→ WHAT IS BEING ASKED: Entries follow. Give back exactly the lines starting at the one containing "Western Blotting Market" and ending at the one containing "ヒアルロン酸豊胸で硬くなったバスト", and no other lines.
--- MATERIAL SUPPLIED Enclosed Below ---
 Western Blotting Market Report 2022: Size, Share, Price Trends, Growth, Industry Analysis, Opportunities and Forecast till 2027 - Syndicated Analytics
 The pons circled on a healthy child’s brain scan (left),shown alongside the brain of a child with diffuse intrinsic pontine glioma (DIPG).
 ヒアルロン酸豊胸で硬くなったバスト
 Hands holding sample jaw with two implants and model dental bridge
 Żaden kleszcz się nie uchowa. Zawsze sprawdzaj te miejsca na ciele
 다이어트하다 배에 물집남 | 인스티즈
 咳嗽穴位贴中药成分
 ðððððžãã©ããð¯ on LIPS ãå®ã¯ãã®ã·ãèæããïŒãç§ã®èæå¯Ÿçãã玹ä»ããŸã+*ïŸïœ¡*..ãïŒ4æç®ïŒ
--- End of Enclosed MATERIAL SUPPLIED ---
--- MATERIAL SUPPLIED Enclosed Below ---
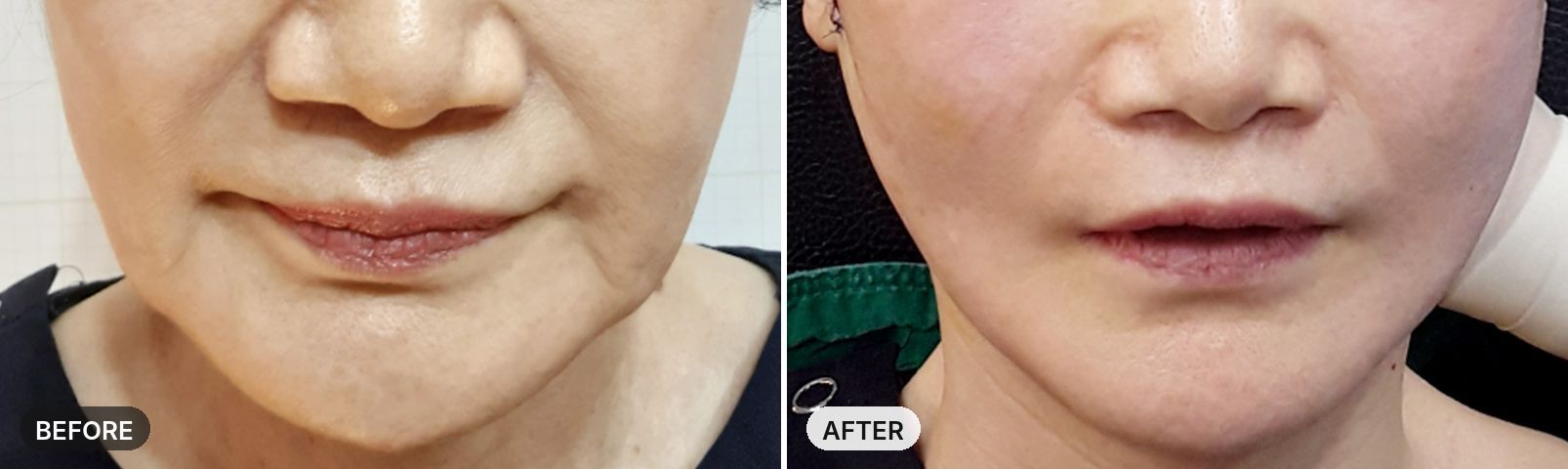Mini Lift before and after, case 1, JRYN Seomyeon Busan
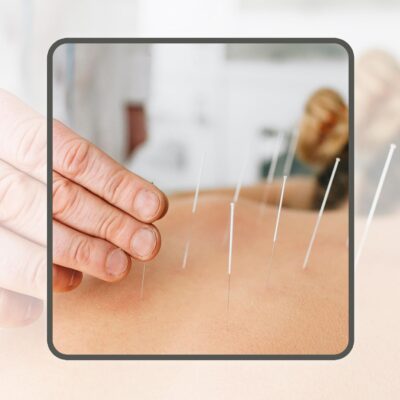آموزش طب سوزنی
--- End of Enclosed MATERIAL SUPPLIED ---
--- MATERIAL SUPPLIED Enclosed Below ---
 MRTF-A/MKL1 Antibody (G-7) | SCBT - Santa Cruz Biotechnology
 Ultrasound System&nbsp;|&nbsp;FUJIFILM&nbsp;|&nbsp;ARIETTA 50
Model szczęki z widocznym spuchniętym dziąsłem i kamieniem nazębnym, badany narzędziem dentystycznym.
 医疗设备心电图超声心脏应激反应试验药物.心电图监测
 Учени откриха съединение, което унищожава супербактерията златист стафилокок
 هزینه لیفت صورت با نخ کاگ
--- End of Enclosed MATERIAL SUPPLIED ---
→ YOUR SOLUTION:
 Western Blotting Market Report 2022: Size, Share, Price Trends, Growth, Industry Analysis, Opportunities and Forecast till 2027 - Syndicated Analytics
 The pons circled on a healthy child’s brain scan (left),shown alongside the brain of a child with diffuse intrinsic pontine glioma (DIPG).
 ヒアルロン酸豊胸で硬くなったバスト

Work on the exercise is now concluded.